## PROBLEM STATEMENT
Retype the lines below exactly, from the one that contains "Snapshot of Salma_saad" through the last, and leave every picture out.

## DATA BLOCK
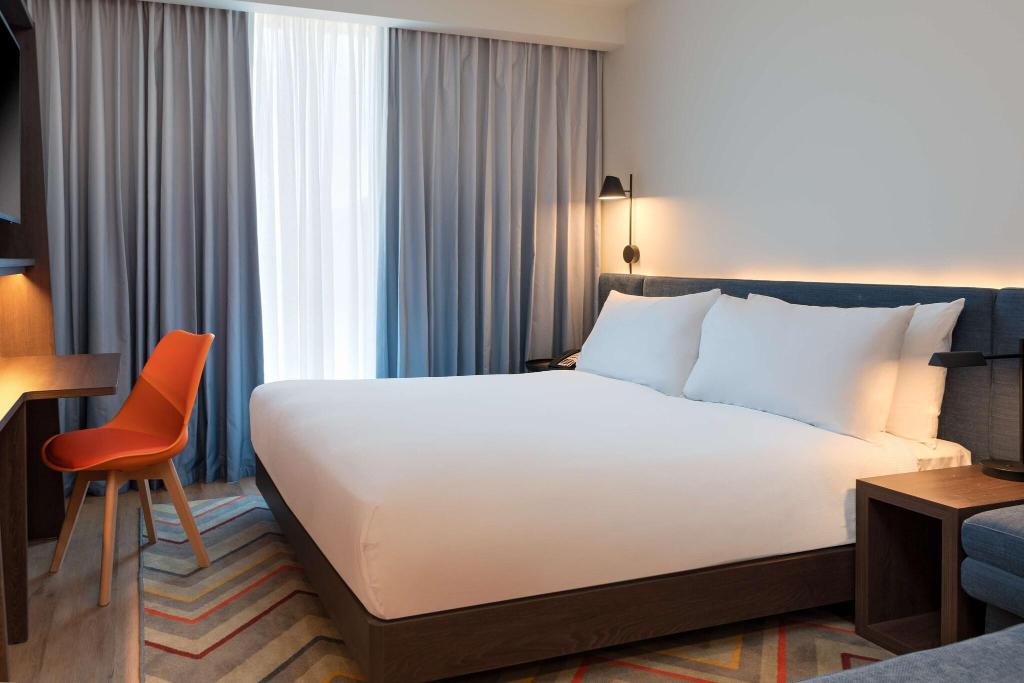 Hampton By Hilton Ashford International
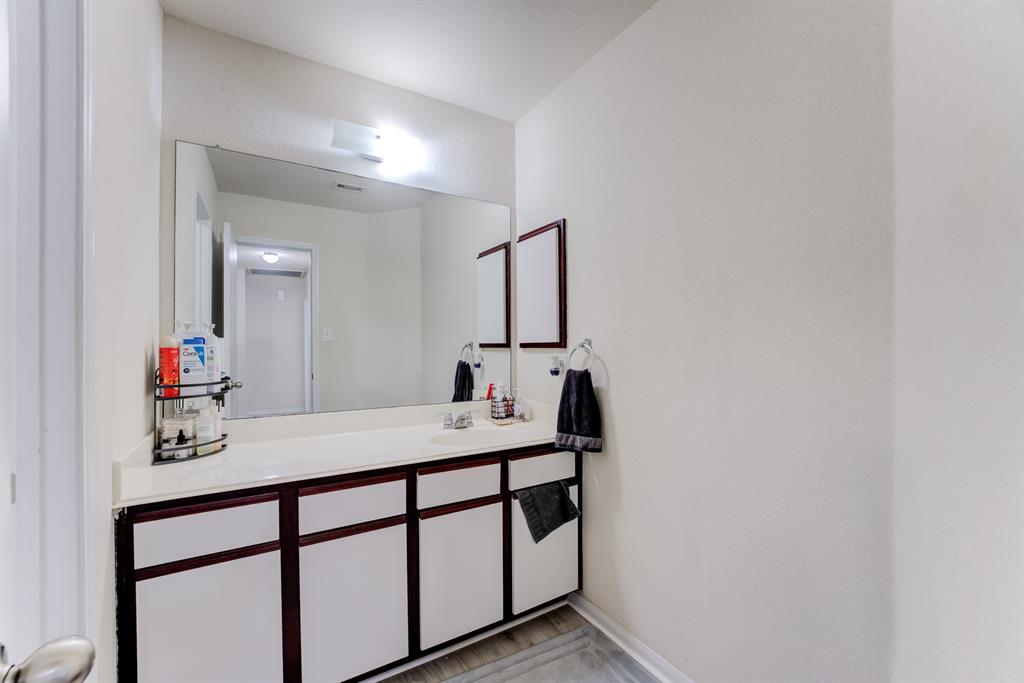 16758 N Rail Drive, Conroe, Texas image 32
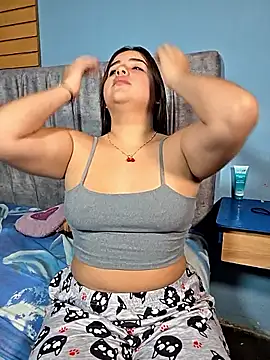 Snapshot of Salma_saad chatting on 05.30.26 Salma saad online show from 05.30.26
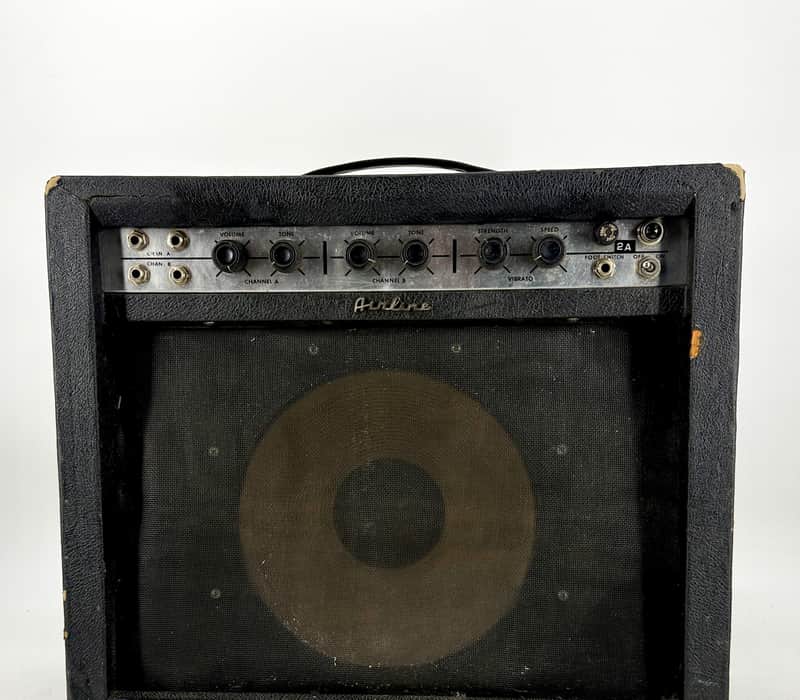 USED Danelectro Airline 62-9013A image 1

## RESULT FOR THIS TASK
 Snapshot of Salma_saad chatting on 05.30.26 Salma saad online show from 05.30.26
 USED Danelectro Airline 62-9013A image 1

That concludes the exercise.